In a new statement, under-fire insurtech Vesttoo has said that it confirms the source of the fraud experienced, to do with invalid bank letters of credit (LOCs), is external to the company, with no current employees under suspicion.
Responding to the news that the firm’s bankruptcy filing has removed the temporary restraining order that froze its bank accounts, Vesttoo said, “Vesttoo can confirm that the federal court in New York has removed the temporary restraining order freezing the company’s accounts on the 15th of August, and the Aon White Rock legal case was placed on the court’s suspense docket.
“The courts in Israel have followed suit, removing the temporary restraining order from the company’s accounts in Israel as well.
“The proceedings moving forward will fall under Chapter 11, which is aimed at providing the company with the ability to restructure the business and rebuild while pursuing legal action.”

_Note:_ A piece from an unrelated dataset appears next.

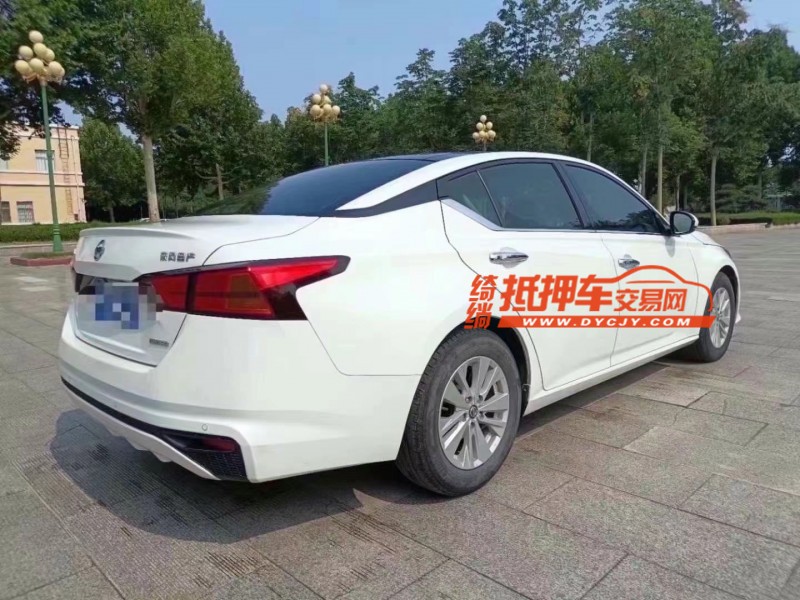 貴陽17年榮威RX53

As we reported earlier today, the move to file for Chapter 11 bankruptcy protection has resulted in the legal action being pursued against it by broker Aon’s segregated account and transformer company White Rock Insurance SAC being halted and the temporary restraining order being removed.
Vesttoo has also stated, “We can also confirm that the investigation into the fraudulent LOCs used as collateral in the company’s transactions is in advanced stages, and the company hopes to be able to publish results in the near future.”
We’ve been calling for this, as it is the only way the insurtech can move forwards, if it can point to external drivers as the source of any fraud that has occurred.
Vesttoo said, “What we can already confirm is that the source of the fraud is external to Vesttoo, and no employees of Vesttoo UK, US, Bermuda, Japan, or other jurisdictions outside of Israel are under any suspicion of being involved in the fraudulent activities.
“We can firmly assure that Vesttoo’s remaining core team of professionals is free of any suspicion, and our company continues to operate because of these talented individuals.
“We unfortunately had to let many talented people go from the company, in Israel and in other territories, as a result of the damage caused. These steps were taken only to secure the financial viability of the company and not as a result of the findings.”
As a previous statement by the insurtech’s new interim CEO had said that a small number of now removed employees may have had a connection to the fraud that has occurred, it appears this new statement is really focused on current employees and the fact none of them are under suspicion.
But, we understand that the vast majority of the employees Vesttoo has already fired are also clear from any suspicion, but a handful may be suspected still.
Publishing the results of its own audit and investigation into the fraud is likely the only way Vesttoo can secure a route forwards, so clarity looks like it may be coming in the not too distant future, which will also help the market in understanding what occurred and how this whole episode has happened under the watch of so many parties in the reinsurance risk transfer chain.